Developer: Mojang Specifications
Released: Early alpha versions available for download since 2009; full commercial release 2011
Platforms: It would take too much space to list them all here, so I’ll just say “everything.” (Seriously: it is quickly becoming one of the most ubiquitous games ever made.)
Between June 30, 2010, the moment creator Markus ‘Notch’ Persson released the first version of Minecraft he asked people to pay for (Alpha 1.0.0), and November 18, 2011, the date that the “full” version of Minecraft was “officially” released, the game went through 76 discrete, official numbered versions. Each one of these was pushed to players as an update, with each update bringing new flora, new fauna, new landscapes, new mechanics, and new possibilities. Since Minecraft‘s “official” full commercial release, it has continued to receive numerous major updates, re-tooling its combat, adding new monsters and allies, and overhauling both its world generation algorithm and lighting system.
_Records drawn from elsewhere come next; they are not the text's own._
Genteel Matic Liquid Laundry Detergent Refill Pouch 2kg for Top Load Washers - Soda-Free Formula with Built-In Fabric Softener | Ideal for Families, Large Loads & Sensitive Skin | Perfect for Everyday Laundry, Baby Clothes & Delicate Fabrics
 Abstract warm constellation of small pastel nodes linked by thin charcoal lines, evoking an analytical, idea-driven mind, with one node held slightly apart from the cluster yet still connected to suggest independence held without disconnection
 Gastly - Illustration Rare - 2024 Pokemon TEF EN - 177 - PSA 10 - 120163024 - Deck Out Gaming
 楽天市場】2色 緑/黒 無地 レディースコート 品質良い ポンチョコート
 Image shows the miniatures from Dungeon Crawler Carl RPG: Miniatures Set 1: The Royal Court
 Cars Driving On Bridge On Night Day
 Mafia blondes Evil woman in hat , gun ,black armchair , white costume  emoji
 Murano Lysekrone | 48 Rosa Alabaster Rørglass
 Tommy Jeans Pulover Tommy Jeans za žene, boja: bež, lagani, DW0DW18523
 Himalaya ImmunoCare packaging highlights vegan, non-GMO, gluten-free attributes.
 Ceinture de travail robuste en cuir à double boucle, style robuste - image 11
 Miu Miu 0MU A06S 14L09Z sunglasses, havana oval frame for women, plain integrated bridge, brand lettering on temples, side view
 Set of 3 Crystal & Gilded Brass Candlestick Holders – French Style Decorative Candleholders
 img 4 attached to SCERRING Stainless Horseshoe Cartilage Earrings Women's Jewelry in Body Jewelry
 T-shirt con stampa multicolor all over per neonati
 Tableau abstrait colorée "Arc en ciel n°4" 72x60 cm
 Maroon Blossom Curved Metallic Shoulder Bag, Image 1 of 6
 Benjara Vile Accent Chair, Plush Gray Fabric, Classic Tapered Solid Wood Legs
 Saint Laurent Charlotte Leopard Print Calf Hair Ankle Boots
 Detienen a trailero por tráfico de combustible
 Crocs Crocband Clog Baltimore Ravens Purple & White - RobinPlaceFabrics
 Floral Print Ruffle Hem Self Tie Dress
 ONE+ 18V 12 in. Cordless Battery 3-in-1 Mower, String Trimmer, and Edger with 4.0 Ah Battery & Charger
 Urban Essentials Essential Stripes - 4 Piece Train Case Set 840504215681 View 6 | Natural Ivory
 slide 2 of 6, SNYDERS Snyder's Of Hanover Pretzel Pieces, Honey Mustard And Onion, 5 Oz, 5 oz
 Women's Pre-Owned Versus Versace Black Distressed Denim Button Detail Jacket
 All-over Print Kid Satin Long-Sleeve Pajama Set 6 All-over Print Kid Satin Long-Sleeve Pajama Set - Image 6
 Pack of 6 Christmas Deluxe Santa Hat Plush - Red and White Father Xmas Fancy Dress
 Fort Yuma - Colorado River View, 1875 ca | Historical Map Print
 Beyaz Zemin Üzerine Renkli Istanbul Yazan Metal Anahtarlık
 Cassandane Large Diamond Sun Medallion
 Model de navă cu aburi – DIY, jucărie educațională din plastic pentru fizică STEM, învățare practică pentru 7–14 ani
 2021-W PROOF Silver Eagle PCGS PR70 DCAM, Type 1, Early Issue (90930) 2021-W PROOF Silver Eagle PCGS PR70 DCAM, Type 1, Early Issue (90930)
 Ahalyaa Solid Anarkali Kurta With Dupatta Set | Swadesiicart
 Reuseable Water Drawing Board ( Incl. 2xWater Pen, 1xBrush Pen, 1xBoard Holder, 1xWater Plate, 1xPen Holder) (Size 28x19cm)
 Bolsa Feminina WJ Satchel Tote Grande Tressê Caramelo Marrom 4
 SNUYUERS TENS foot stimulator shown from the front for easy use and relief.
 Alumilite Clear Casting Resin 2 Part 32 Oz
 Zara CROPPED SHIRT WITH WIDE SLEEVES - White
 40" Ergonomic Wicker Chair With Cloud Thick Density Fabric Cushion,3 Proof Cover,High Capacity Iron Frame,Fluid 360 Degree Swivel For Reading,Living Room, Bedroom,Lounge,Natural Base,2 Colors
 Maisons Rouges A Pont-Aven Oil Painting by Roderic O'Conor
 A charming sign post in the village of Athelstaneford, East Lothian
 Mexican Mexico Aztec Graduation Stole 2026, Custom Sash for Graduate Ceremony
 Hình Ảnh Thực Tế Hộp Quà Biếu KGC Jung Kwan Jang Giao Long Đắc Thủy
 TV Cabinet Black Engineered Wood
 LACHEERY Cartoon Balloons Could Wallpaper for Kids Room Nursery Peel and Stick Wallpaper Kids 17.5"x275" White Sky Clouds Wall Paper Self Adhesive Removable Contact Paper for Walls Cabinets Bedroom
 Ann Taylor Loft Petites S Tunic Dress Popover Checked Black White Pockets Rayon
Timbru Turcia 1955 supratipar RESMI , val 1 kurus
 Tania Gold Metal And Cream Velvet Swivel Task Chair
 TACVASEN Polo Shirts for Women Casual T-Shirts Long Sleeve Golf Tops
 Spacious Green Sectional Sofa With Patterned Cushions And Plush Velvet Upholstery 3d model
Based on these numbers, Minecraft seems to be the very poster child of feature creep in videogames. With everything that has been added over the years, both before and after its official “release,” surely Minecraft must, at this point, be sprawling and unfocused. Surely, as historically important as the game is, reaching unprecedented levels of ubiquity among children worldwide, it has no place being listed under the category of elegance.
And yet … listen. Do you hear that?
That’s the tap tap tap of a pickaxe against a stone block. It’s not a harsh sound. It is a soothing sound, like someone patting a pillow made of soft clay. Five taps, and the block bursts. Such a perfectly paced little loop of tension and reward. And then you upgrade from a wooden pickaxe to a stone pickaxe, and the time to break the stone is shorter. And then you upgrade to a metal pickaxe. And then a diamond one. Each time, the number of taps required to break the stone grows smaller. But it’s always the same taps, the same soothing sound, lulling you into the same Zen-like state of conversation.
Those are the cold synth tones of Daniel Rosenfield’s score. Wispy and reverberating, it sounds like it’s coming from somewhere far away, and yet every time you hear it, you feel more at home. Ah, there it is again. Marking the hours of the day, a non-diegetic grandfather clock. Time to pack things in. The sun is going down. Lost myself in the work a little, there.
That is the bleating of sheep on the surface. I have foolishly gotten lost in the inky darkness of a cave without a set of torches. For a few minutes, I was terrified. But now, I hear them: the old, familiar animal sounds. My re-entrance into the world is nigh. All I have to do is break a few more blocks, following the sound of those pastoral creatures …
I won’t deny that feature creep has infected Minecraft over the years. It cannot be the lean, chiseled slice of perfection that it once was. But there is no taking away that core: the minimalist visual design, the careful audio feedback, the haunting score. Minecraft just feels good to play. I suspect it always will.